● **Work order**
Exactly the lines below from the one with "Bush Trimming by" up to and including the one with "1206 Pinnacle falls, San Antonio, TX 78260" make up the answer, with nothing else added.

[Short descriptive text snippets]
BEGIN
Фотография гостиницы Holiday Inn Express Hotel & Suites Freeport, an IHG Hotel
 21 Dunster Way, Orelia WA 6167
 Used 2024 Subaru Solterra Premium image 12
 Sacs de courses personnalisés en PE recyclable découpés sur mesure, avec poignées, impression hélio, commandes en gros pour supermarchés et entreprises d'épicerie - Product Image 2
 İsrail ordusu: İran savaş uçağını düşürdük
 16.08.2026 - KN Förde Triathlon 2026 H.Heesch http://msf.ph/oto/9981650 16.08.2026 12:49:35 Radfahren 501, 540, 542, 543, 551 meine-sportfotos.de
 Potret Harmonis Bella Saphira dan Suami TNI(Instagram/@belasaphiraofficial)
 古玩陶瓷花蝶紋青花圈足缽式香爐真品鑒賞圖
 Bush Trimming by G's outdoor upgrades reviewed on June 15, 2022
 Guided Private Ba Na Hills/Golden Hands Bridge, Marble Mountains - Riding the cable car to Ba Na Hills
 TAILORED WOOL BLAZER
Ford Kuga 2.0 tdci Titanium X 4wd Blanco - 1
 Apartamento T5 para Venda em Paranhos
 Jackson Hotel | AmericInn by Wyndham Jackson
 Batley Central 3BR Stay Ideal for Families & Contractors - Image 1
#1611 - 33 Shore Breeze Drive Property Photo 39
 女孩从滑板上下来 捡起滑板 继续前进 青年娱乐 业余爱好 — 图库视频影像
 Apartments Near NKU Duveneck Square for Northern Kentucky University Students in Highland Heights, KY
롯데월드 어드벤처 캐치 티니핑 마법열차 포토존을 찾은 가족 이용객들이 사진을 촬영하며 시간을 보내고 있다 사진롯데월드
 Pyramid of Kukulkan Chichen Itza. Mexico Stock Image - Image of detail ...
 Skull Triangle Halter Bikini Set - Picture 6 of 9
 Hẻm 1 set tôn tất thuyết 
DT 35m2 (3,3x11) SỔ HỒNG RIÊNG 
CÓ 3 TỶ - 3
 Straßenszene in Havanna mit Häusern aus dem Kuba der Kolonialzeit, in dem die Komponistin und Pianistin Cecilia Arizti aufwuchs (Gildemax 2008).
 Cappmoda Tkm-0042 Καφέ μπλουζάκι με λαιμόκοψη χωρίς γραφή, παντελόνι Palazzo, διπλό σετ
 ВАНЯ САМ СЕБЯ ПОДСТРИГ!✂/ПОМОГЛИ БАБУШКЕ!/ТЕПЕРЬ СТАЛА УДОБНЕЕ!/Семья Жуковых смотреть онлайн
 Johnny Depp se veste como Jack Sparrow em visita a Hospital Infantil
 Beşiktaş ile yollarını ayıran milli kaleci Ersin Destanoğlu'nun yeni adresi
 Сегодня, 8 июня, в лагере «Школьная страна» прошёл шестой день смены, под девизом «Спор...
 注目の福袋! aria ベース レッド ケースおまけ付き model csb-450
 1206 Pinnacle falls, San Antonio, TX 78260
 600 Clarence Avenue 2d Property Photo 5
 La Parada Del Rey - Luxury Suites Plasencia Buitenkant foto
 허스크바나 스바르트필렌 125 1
END
● **Answer to this task**
 Bush Trimming by G's outdoor upgrades reviewed on June 15, 2022
 Guided Private Ba Na Hills/Golden Hands Bridge, Marble Mountains - Riding the cable car to Ba Na Hills
 TAILORED WOOL BLAZER
Ford Kuga 2.0 tdci Titanium X 4wd Blanco - 1
 Apartamento T5 para Venda em Paranhos
 Jackson Hotel | AmericInn by Wyndham Jackson
 Batley Central 3BR Stay Ideal for Families & Contractors - Image 1
#1611 - 33 Shore Breeze Drive Property Photo 39
 女孩从滑板上下来 捡起滑板 继续前进 青年娱乐 业余爱好 — 图库视频影像
 Apartments Near NKU Duveneck Square for Northern Kentucky University Students in Highland Heights, KY
롯데월드 어드벤처 캐치 티니핑 마법열차 포토존을 찾은 가족 이용객들이 사진을 촬영하며 시간을 보내고 있다 사진롯데월드
 Pyramid of Kukulkan Chichen Itza. Mexico Stock Image - Image of detail ...
 Skull Triangle Halter Bikini Set - Picture 6 of 9
 Hẻm 1 set tôn tất thuyết 
DT 35m2 (3,3x11) SỔ HỒNG RIÊNG 
CÓ 3 TỶ - 3
 Straßenszene in Havanna mit Häusern aus dem Kuba der Kolonialzeit, in dem die Komponistin und Pianistin Cecilia Arizti aufwuchs (Gildemax 2008).
 Cappmoda Tkm-0042 Καφέ μπλουζάκι με λαιμόκοψη χωρίς γραφή, παντελόνι Palazzo, διπλό σετ
 ВАНЯ САМ СЕБЯ ПОДСТРИГ!✂/ПОМОГЛИ БАБУШКЕ!/ТЕПЕРЬ СТАЛА УДОБНЕЕ!/Семья Жуковых смотреть онлайн
 Johnny Depp se veste como Jack Sparrow em visita a Hospital Infantil
 Beşiktaş ile yollarını ayıran milli kaleci Ersin Destanoğlu'nun yeni adresi
 Сегодня, 8 июня, в лагере «Школьная страна» прошёл шестой день смены, под девизом «Спор...
 注目の福袋! aria ベース レッド ケースおまけ付き model csb-450
 1206 Pinnacle falls, San Antonio, TX 78260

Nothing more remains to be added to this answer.